Com a incompetência, a indiferença e a ganância instaladas há décadas na governação global, nos seus aliados institucionais (FMI, BM, OMC…) e em alguns fundos globais, sem ética, continuaremos a observar por muito tempo o nefando quadro da fome: ela instalou-se no nosso seio e já está a ceifar milhões de vidas.
As causas do espectro da fome global são múltiplas, todas previsíveis e evitáveis, não fossem os aprendizes de feiticeiro já citados terem dado ou obtido de bandeja todas as oportunidades para agravarem o mortífero tsunami silencioso da fome. De desregulamentação em desregulamentação, chegou-se à desenfreada especulação sobre os alimentos, prevendo a ONU que se possa chegar, se medidas estruturantes urgentes não forem tomadas, ao morticínio de cem milhões de pessoas! E não falo dos sofrimentos que o espectro da fome provoca, como aquele que observei na fronteira entre Jalalabad (Afeganistão) e Peshawar (Paquistão): adultos e crianças, tentando passar sorrateiramente, evitando bastonadas, alguns quilos de farinha para sobreviver! Nesse jogo do gato e do rato, uma menina afegã de oito anos morreu, marcando indelevelmente a minha consciência humana.

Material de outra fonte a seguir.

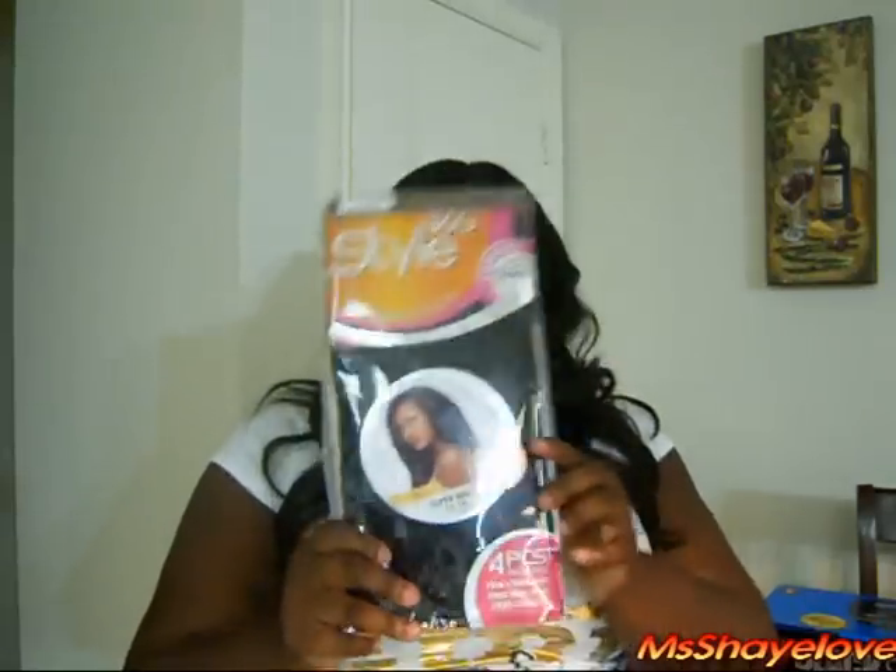So guys, rules of the contest: must be a subscriber, must be 18 years or older, must be a U.S. citizen. All I'm gonna require you to do is put 'Style Me' in the comment box. I'm gonna have the links to all the Sensational 360 Styles in the box so you can check them out, in case you want to look at another one — there are several different styles. I just happen to be sent the Super Wave.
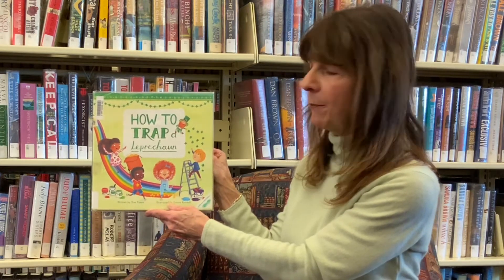Hi, welcome to Jefferson Hills Storytime. My name is Miss Sharon and today's story is How to Trap a Leprechaun.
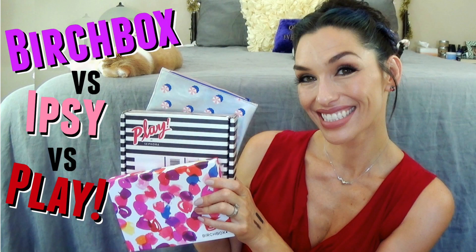Hi guys! I have a special video for you today — this is an actual makeup tutorial and a hair tutorial. It was requested after I posted my Birchbox vs. Ipsy vs. Play video that I do a tutorial on the makeup and hair I had in that video. If you just want to see the hair, I'll put a timestamp down here so you can skip ahead. Otherwise, stick around and watch from the beginning to see how I recreate this entire look.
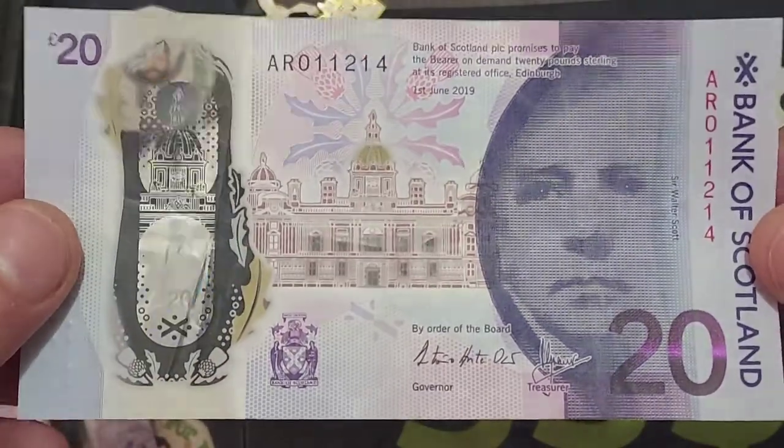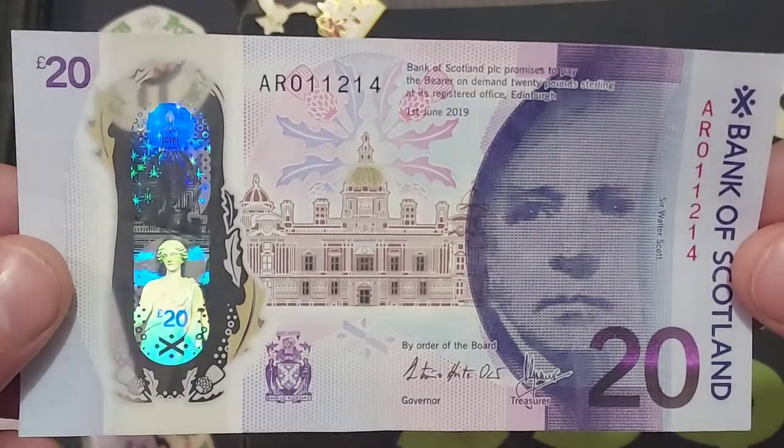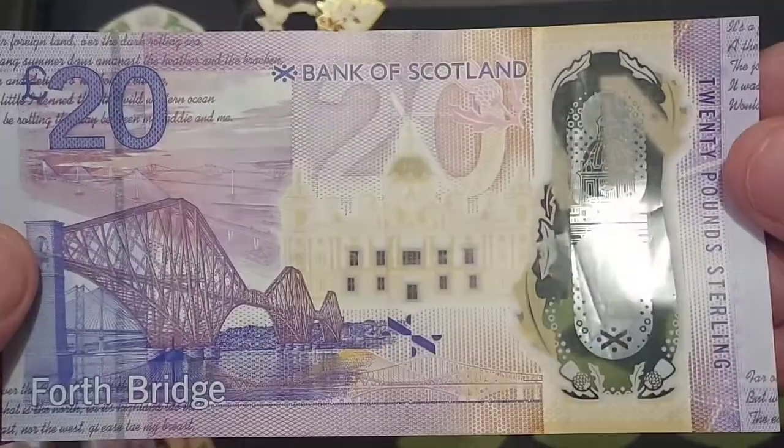Hi guys, Dan Stollers here. A very good morning to you all. I hope you're all well at home. Yesterday we looked at two different £20 commemorative designs on the £20 note from Scotland and today we're actually going to be looking at a third.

Que medidas estruturantes globais têm de ser já tomadas para acabar com a verdadeira escravidão biológica que é a fome? Impedir a especulação financeira sobre os alimentos, a grande detonadora do cataclismo actual; proibir a produção de biodiesel com alimentos e em áreas agrícolas destinadas à alimentação dos seres humanos e animais (há alternativas!); adoptar medidas que evitem o agravamento das alterações climáticas a médio prazo, dado que algumas das suas consequências já são irreversíveis; aumentar as áreas de cultivo destinadas a seres humanos e animais. Já o falecido professor Josué de Castro, antigo presidente da FAO, demonstrava no seu magistral livro Geopolítica da Fome que o planeta, se bem gerido, poderia alimentar o dobro da população actual; regulamentar e controlar o preço dos combustíveis! Nunca as empresas petrolíferas e os estados ganharam tanto dinheiro como agora; acabar com as guerras travadas sob pretextos falaciosos e com as violações do Direito Internacional e da Carta das Nações Unidas que só criaram mais refugiados e mais conflitos. E por isso, também, mais esfomeados; aliviar a asfixia que sufoca os países mais pobres, perdoando-lhes as dívidas e os juros e bloquear as contas faraónicas dos seus corruptos governantes, a fim de se criar um fundo de desenvolvimento para esses países; acabar com as monoculturas de exportação, nos países economicamente subdesenvolvidos, incentivadas ou impostas pelos funestos planos de (des)ajustamento estrutural do FMI e BM; implementar um comércio justo entre os países ricos e pobres.
Não é com a injecção pontual de milhões de euros que se resolve a epidemia da fome. Se não se aplicarem as medidas estruturais referidas, o genocídio pela fome vai agravar-se. As primeiras vítimas dessa praga social criada pelo homem são sempre as mesmas: os miseráveis dos países mais pobres. Por efeito de ricochete, seremos todos atingido. Temos de reagir todos e agora, pois o espectro da fome já está entre nós!


Fernando Nobre, Presidente da AMI

sexta-feira, 16 de maio de 2008

A VERGONHA DOS RECIBOS VERDES

Verdes e no "limbo"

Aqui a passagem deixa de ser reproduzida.